Driverless buses launched in Finland

I honestly don't see the point of Self-Driving buses, I mean its not like it takes a 100 people to operate a bus, it only takes one driver, who acts both as a driver as well as a decision-maker i.e. don't pull away yet as people are still busy boarding/approaching etc.

And lastly, if we still have at least 1 person in a train even though it almost self-drives, why wouldn't the same apply to a bus? Who would be liable if it drove over a pedestrian for example?
 
I honestly don't see the point of Self-Driving buses, I mean its not like it takes a 100 people to operate a bus, it only takes one driver, who acts both as a driver as well as a decision-maker i.e. don't pull away yet as people are still busy boarding/approaching etc.

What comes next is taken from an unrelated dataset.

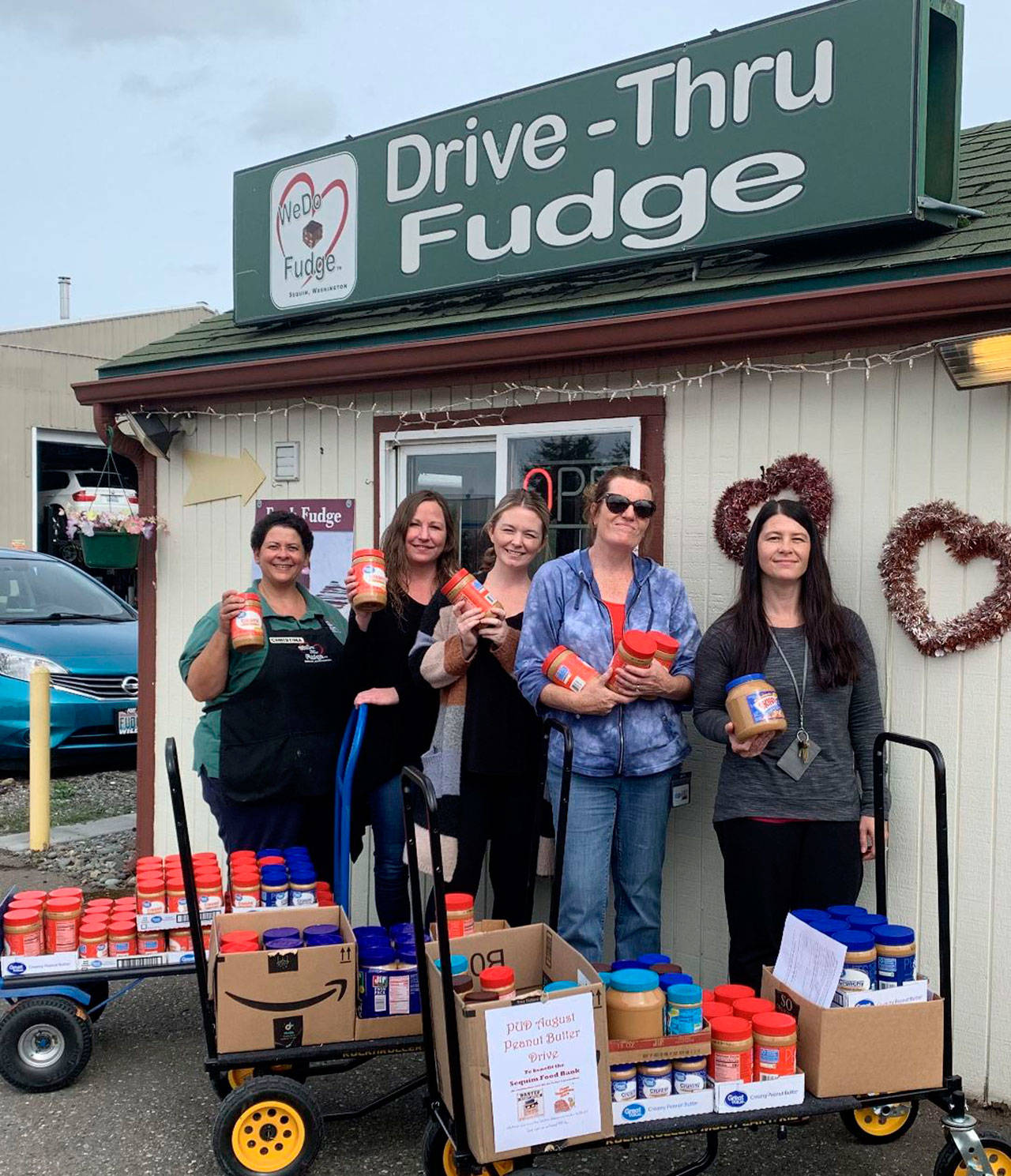 Employees of Clallam County PUD join Christina Norman of WeDo Fudge, far left, at the drive-thru’s annual peanut butter drive in August. Submitted photo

And lastly, if we still have at least 1 person in a train even though it almost self-drives, why wouldn't the same apply to a bus? Who would be liable if it drove over a pedestrian for example?

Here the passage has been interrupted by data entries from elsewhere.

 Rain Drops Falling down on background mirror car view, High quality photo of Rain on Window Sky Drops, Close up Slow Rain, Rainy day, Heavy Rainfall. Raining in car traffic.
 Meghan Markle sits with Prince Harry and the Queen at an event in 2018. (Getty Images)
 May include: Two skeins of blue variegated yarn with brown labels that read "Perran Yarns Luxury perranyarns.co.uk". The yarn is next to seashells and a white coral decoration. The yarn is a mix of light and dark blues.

The point is one less mundane job and likely it will do a heck of a better job than humans. Try and catch a Gautrain bus and you will soon see why driverless with some tech is way way better. Why trains like Gautrain with zero rail crossings have drivers is another conundrum as the decision to leave station is based on door sensors and operator looking out (if they do).

If gautrain was driverless the service could run indefinitely with only consideration being operational efficiency but that is again solved via automating it based on occupancy and rail stores along route.

The northern social democratic states of Europe seem very adamant in pushing employment reform wherein anything possible to be computer controlled is as the cost of employment is high.
 
They're more trams than busses, and they don't need to be perfect drivers - they just need to drive better than humans.